Regenerative orthopedics is an emerging market which has been gaining popularity in the last decade. These treatments help patients suffering from soft tissue, muscle, and bone degradation by providing fresh materials for the body to reconstruct the damaged tissues. With shorter recovery periods, less invasive application methods, and a better price point, regenerative orthopedics seems to be a good alternative to current treatment methods. Recently, there has been push back from the FDA to increase the oversight, standards, and practices behind these relatively new therapies.
In December of 2017 the FDA released a “guidance document” titled Regulatory Considerations for Human Cells, Tissues, and Cellular and Tissue-Based Products: Minimal Manipulation and Homologous Use. The document provides an outline of the sorts of permissible uses of the human cellular or tissue products used in regenerative orthopedics. Moreover, this document gives potential consumers an idea of the proven medical uses of these types of products and services.

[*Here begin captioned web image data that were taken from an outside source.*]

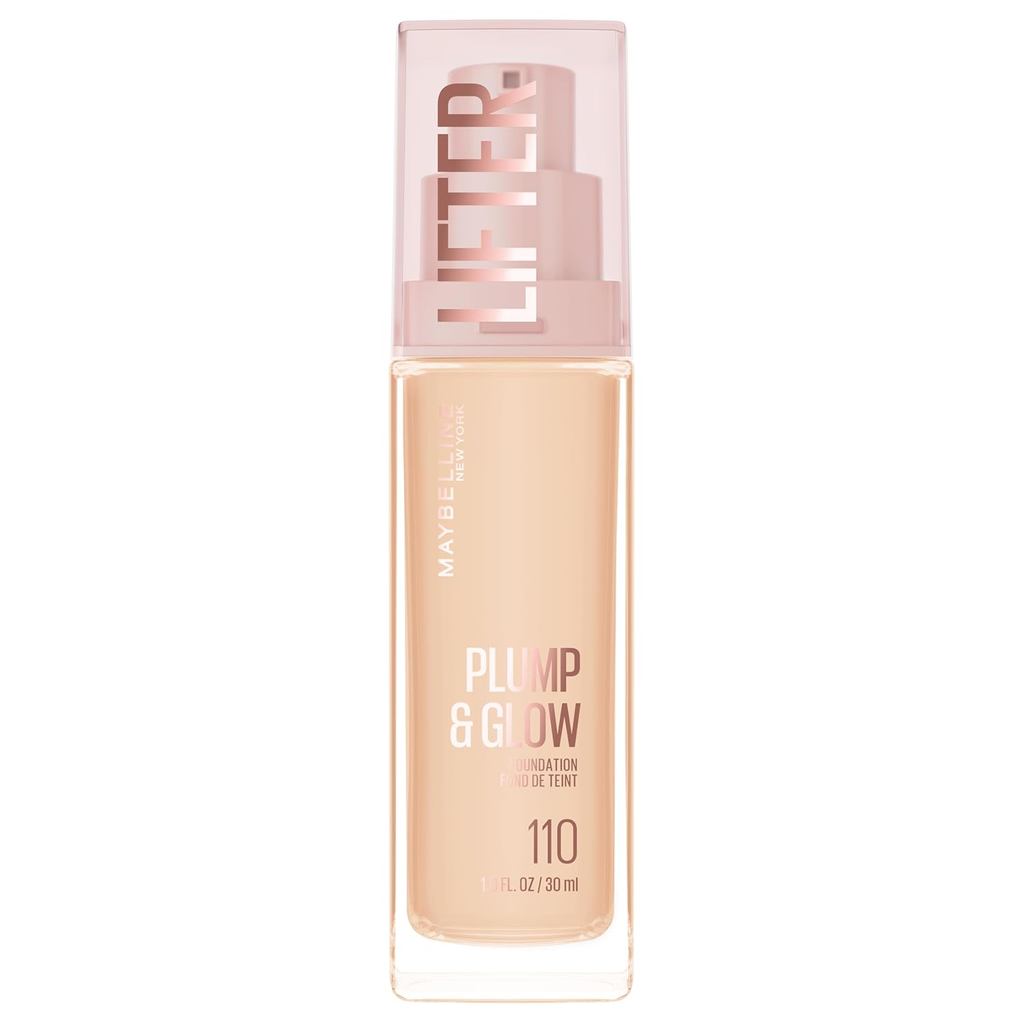 MaybellineLifterPlump&GlowFoundation,LiquidFoundationwith2%Niacind+HyaluronicAcid,PlumpingandBrighte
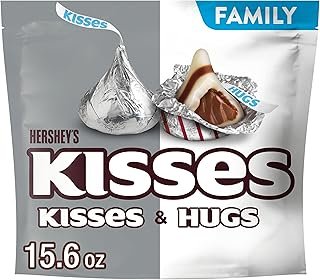 HERSHEY'S HUGS & KISSES Milk Chocolate and White Creme Candy Family Pack, 15.6 oz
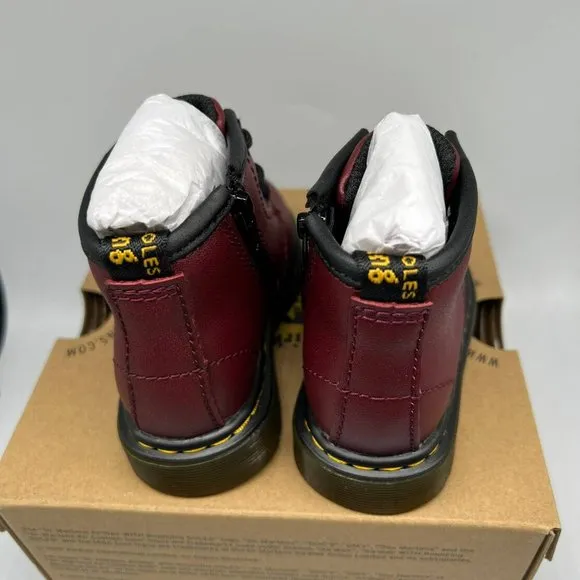 Dr Martens AirWair Brooklee Boots Cherry‎ Red Softy T AW004 Core Kids Toddler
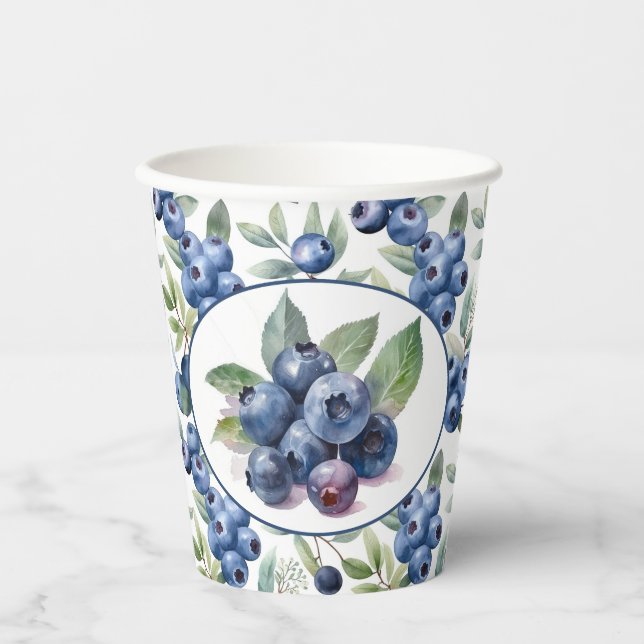 Cute Blueberries Watercolor Paper Cups (Front)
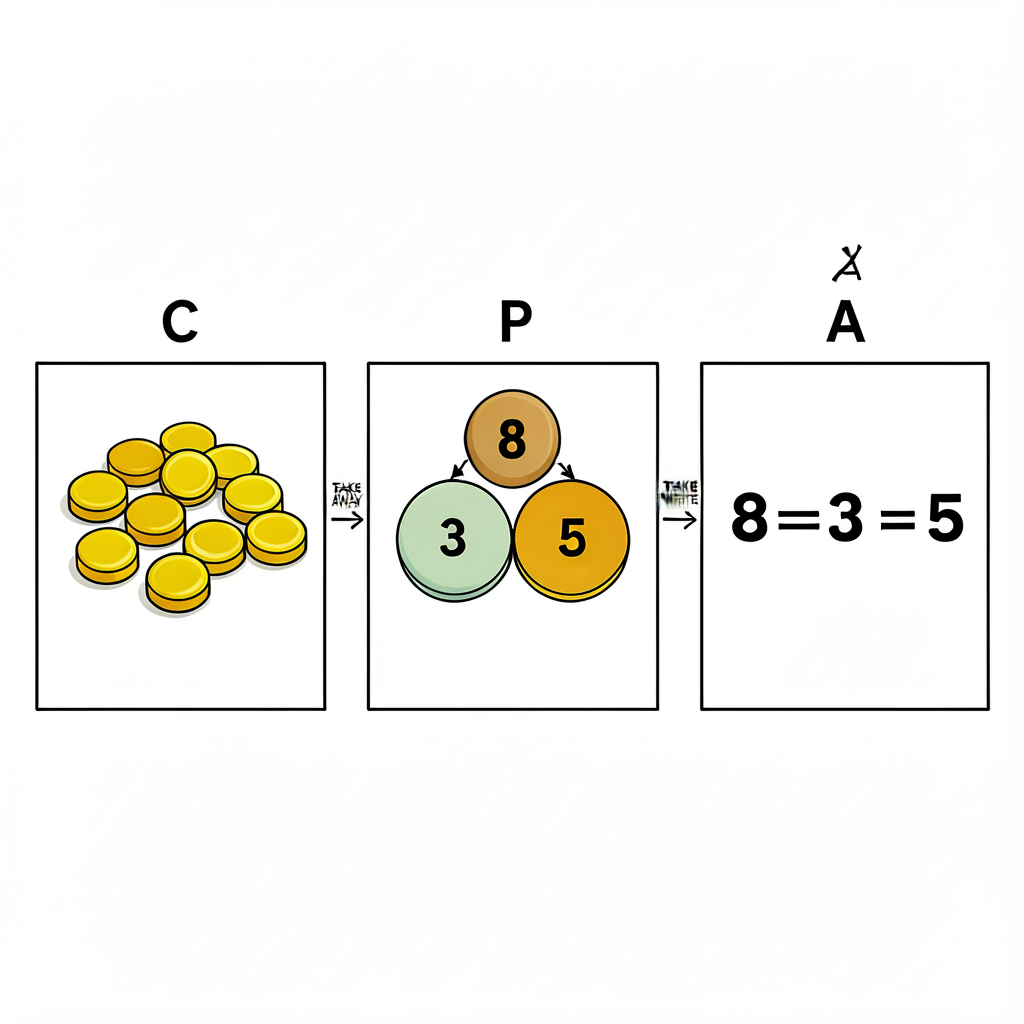 Three side-by-side 6-inch panels labeled C, P, A. Panel C: photograph of 8 yellow two-color counters; 3 are circled and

While the FDA has not approved many of the uses in practice today, they did provide a road to legitimizing the treatments in their guidance document, though it was rather rigorous and not realistic according to many in the regenerative orthopedics industry.
Later that same year, after pushback from clinics across the USA, the FDA created a more realistic path to legitimize the therapies offered by these clinics. Whereas previously, these treatments would have had to undergo several rounds of clinical trials over the course of some years, the new path allows clinics to pool their data and present these results to support the claims they make about their therapies.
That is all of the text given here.